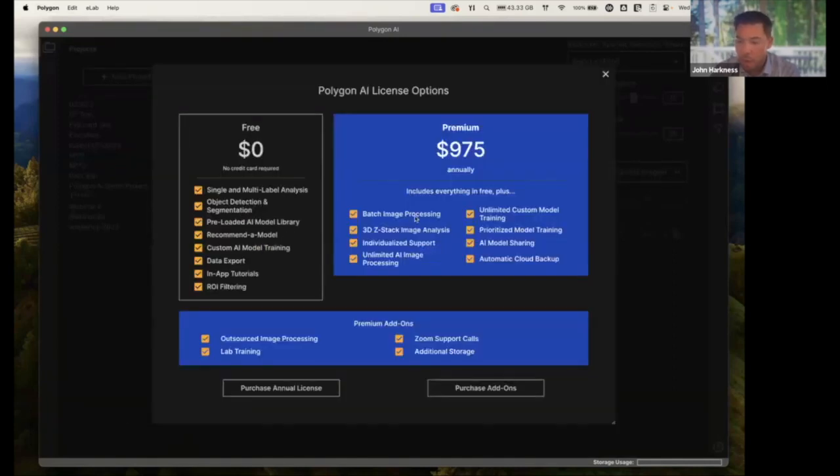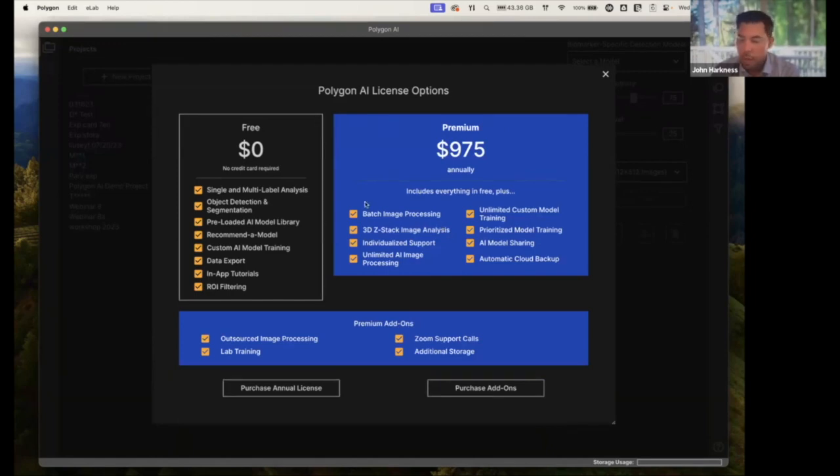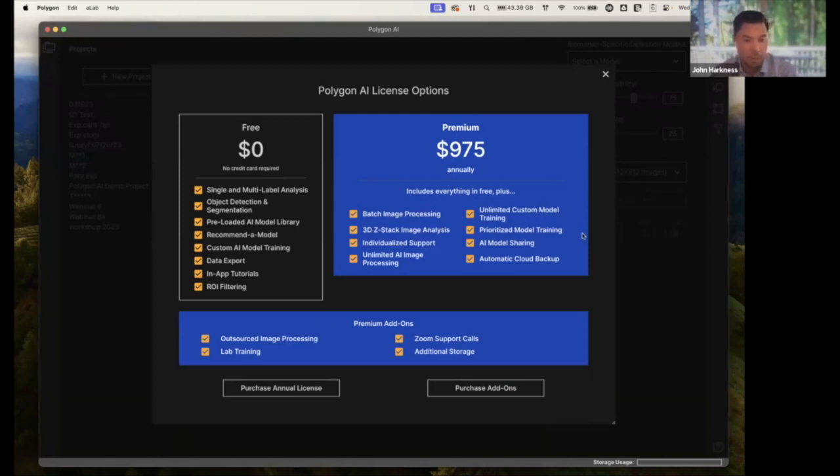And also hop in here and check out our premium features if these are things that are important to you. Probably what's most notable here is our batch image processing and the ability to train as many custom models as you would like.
---
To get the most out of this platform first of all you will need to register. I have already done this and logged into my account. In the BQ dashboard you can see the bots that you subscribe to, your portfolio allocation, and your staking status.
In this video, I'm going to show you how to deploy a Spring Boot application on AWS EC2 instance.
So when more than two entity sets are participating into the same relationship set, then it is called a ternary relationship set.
* * *
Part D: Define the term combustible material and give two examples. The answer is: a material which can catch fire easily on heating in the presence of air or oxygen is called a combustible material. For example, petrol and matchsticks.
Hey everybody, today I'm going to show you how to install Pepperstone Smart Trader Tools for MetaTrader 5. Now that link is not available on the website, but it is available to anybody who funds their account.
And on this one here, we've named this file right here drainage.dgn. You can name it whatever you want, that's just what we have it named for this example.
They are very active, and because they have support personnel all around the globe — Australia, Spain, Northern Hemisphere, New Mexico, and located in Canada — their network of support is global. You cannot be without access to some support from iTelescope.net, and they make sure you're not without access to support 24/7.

Task to carry out. There is a line with "To get the most" and a line with "So when more" above. Copy exactly those two lines and all lines between them, with nothing else.

Written solution.
To get the most out of this platform first of all you will need to register. I have already done this and logged into my account. In the BQ dashboard you can see the bots that you subscribe to, your portfolio allocation, and your staking status.
In this video, I'm going to show you how to deploy a Spring Boot application on AWS EC2 instance.
So when more than two entity sets are participating into the same relationship set, then it is called a ternary relationship set.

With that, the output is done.